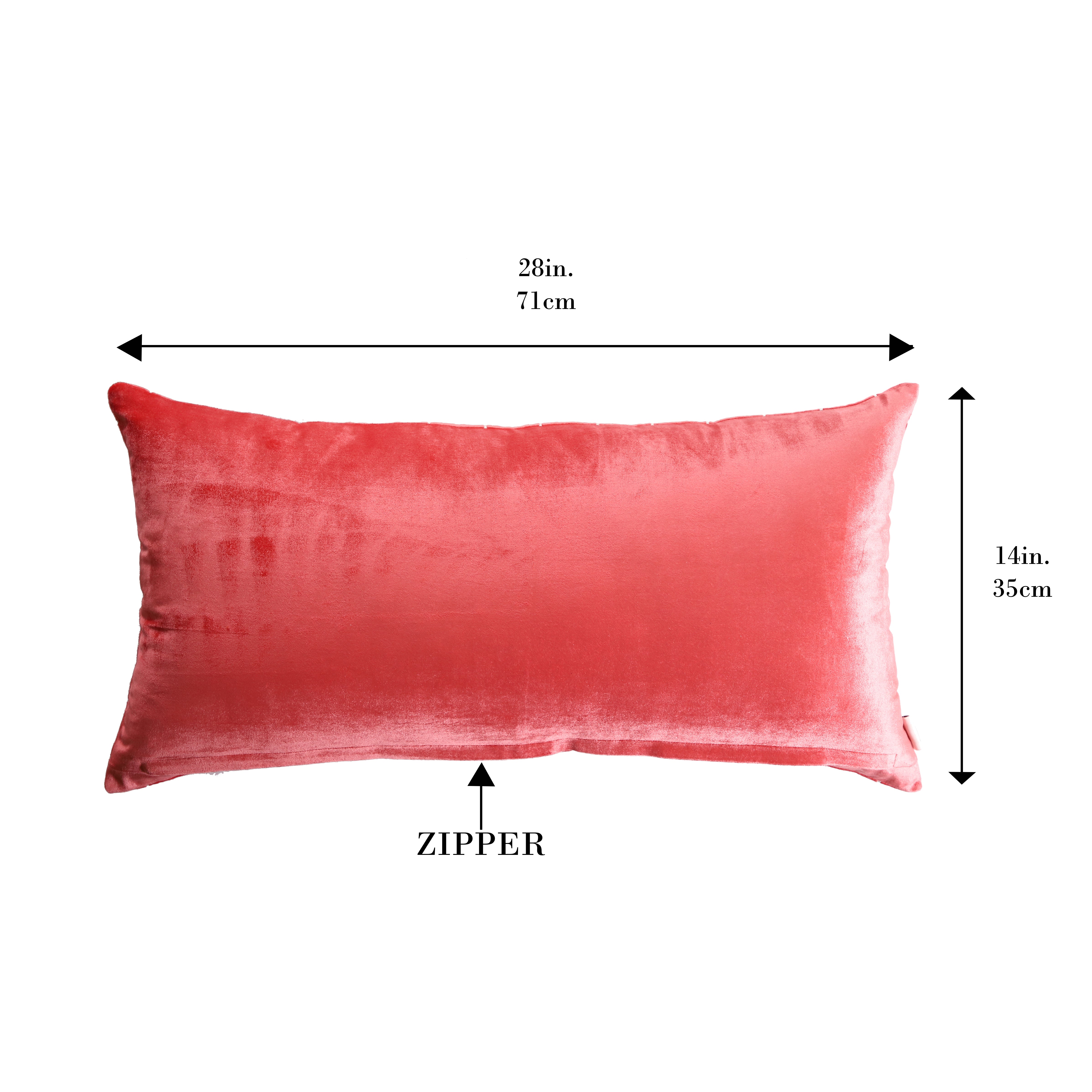 Embellished Check Lumbar Pink Peach Velvet Cushion Cover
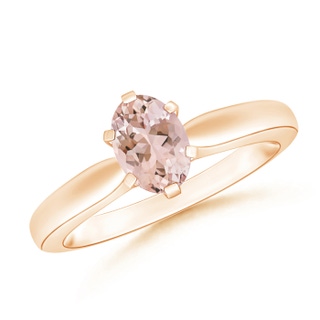 7x5mm AAAA Tapered Shank Oval Solitaire Morganite Ring in Rose Gold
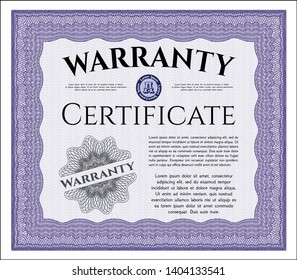 Violet Vintage Warranty template. Money Pattern. With guilloche pattern. Customizable, Easy to edit and change colors. 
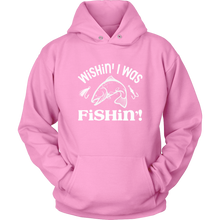 Load image into Gallery viewer, Wishin' I Was Fishing Unisex Hoodie, Multi Colors, Extended Sizes, Shipping Included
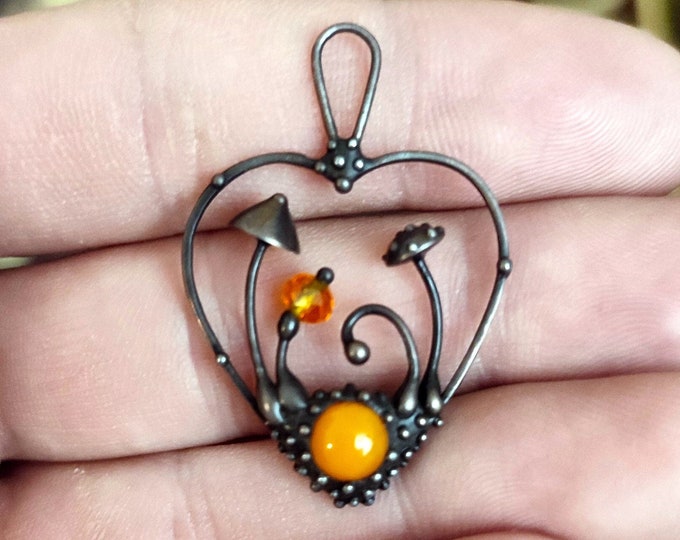 Handmade Fly Agaric Mushroom Necklace: Copper Heart Pendant with Orange Glass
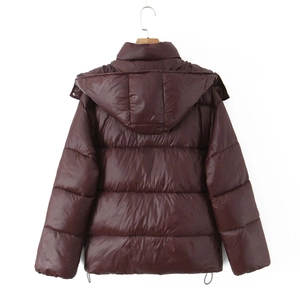 Back view of glossy wine red padded jacket with horizontal quilting and hooded design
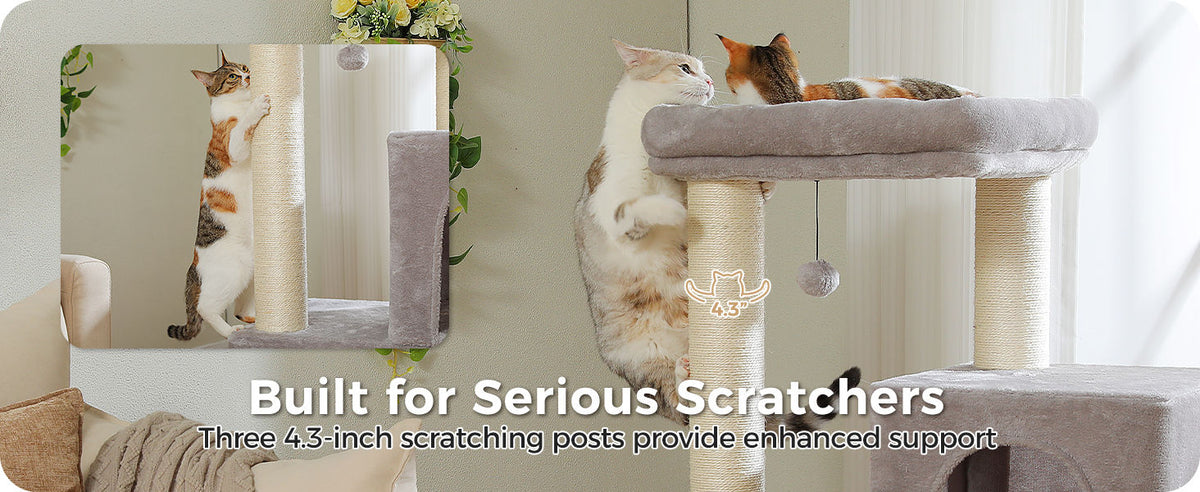 Cat Tree with Dual Condos and Wide Perch – Grey — detail 3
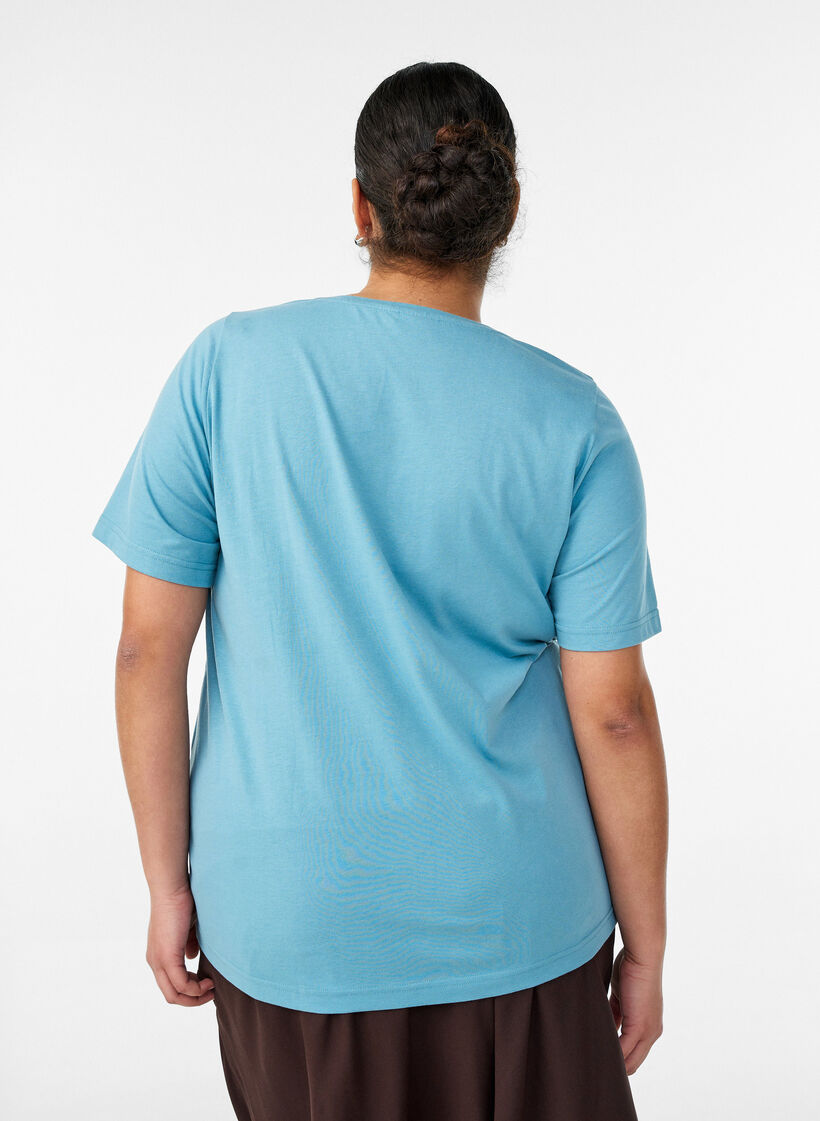 T-Shirt mit Print, Blau, Model image number 2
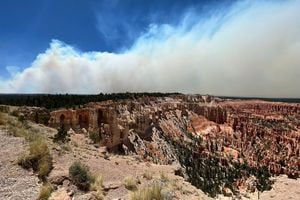 (Bryce Canyon National Park) Smoke from the Left Fork Fire can be seen from Bryce Canyon National Park last week. The blaze was 40% contained as of Tuesday, June 28, 2022.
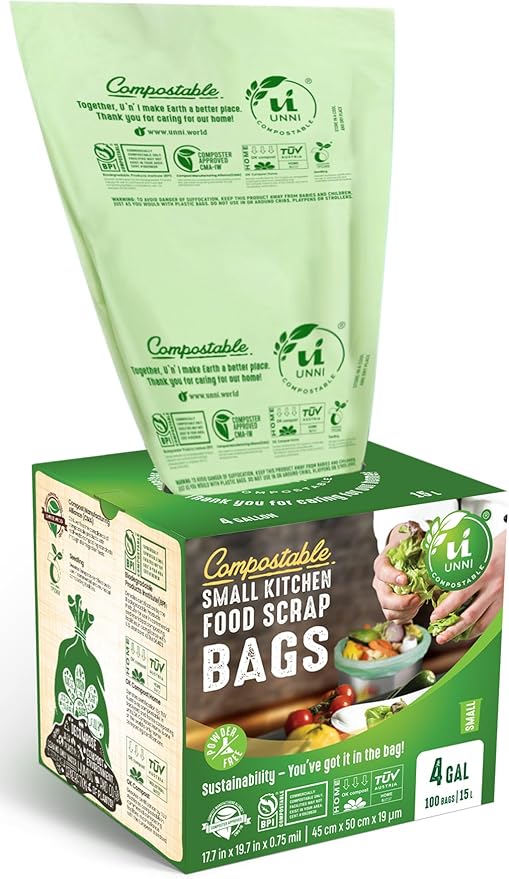 UNNI Compostable Trash Bags, 4 Gallon / 15 Liter, Extra Thick 0.75 mil Small by UNNI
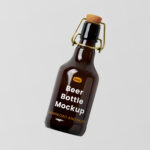 Front View of Floating Levitating Beer Bottle Mockup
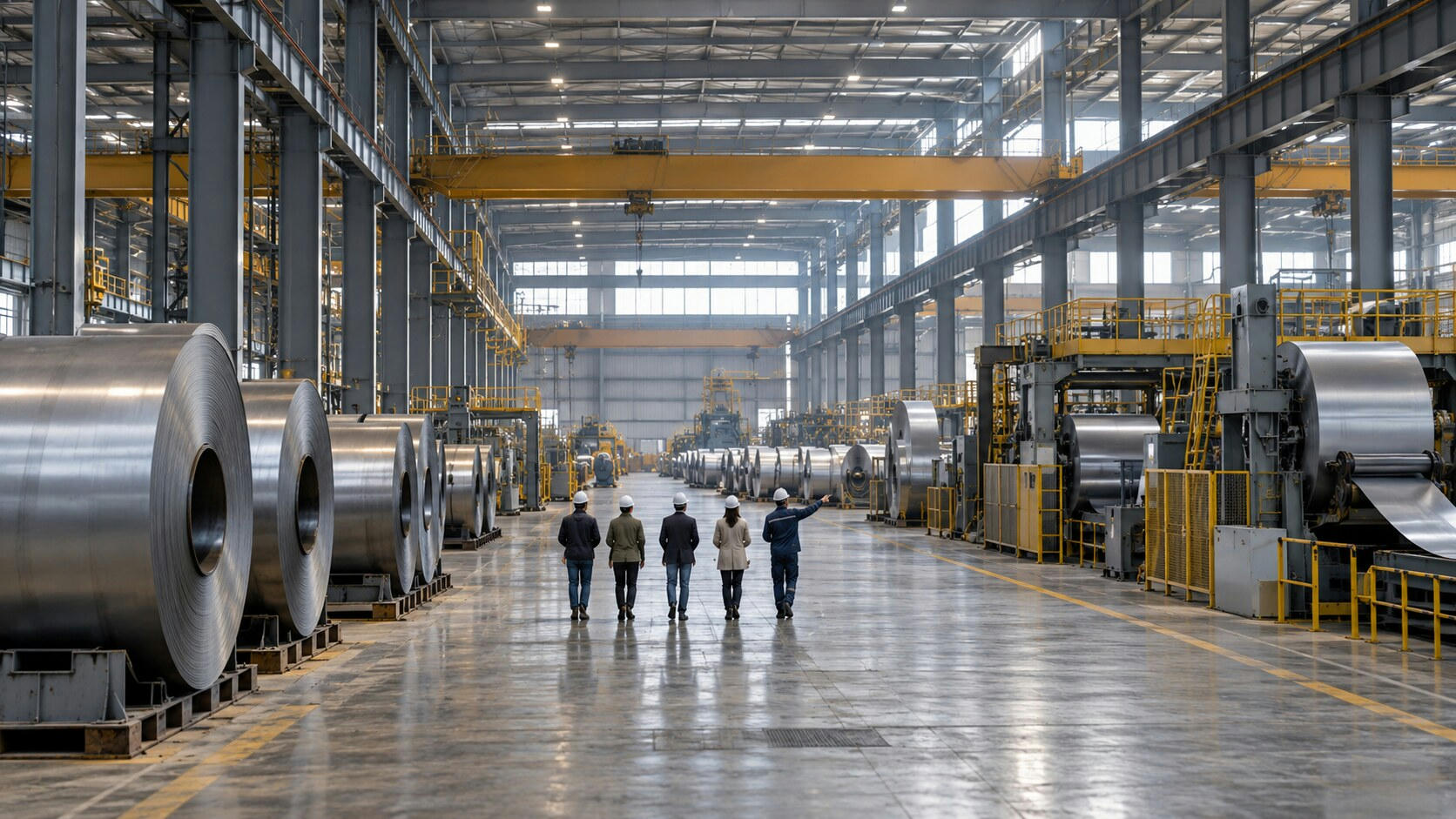 Synthetic editorial illustration. A factory floor contains large metal coils, processing machinery and overhead cranes. Five small rear-facing people in hard hats walk down the broad aisle as one points toward equipment.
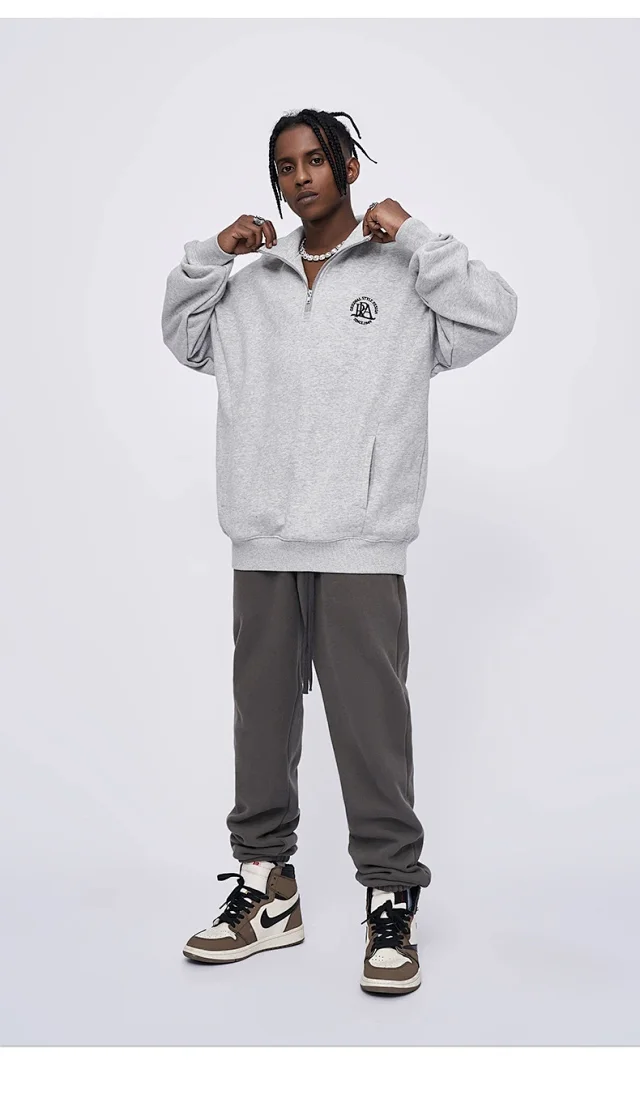 RFSD Men's 2025 A/W 380g Embroidered Half - Zip Sweatshirt Detail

## Aim of the exercise
Pictures are not part of the copy. Reproduce the lines from the one with "(Bryce Canyon National" through the end of the listing above.

## Output of the exercise
 (Bryce Canyon National Park) Smoke from the Left Fork Fire can be seen from Bryce Canyon National Park last week. The blaze was 40% contained as of Tuesday, June 28, 2022.
 UNNI Compostable Trash Bags, 4 Gallon / 15 Liter, Extra Thick 0.75 mil Small by UNNI
 Front View of Floating Levitating Beer Bottle Mockup
 Synthetic editorial illustration. A factory floor contains large metal coils, processing machinery and overhead cranes. Five small rear-facing people in hard hats walk down the broad aisle as one points toward equipment.
 RFSD Men's 2025 A/W 380g Embroidered Half - Zip Sweatshirt Detail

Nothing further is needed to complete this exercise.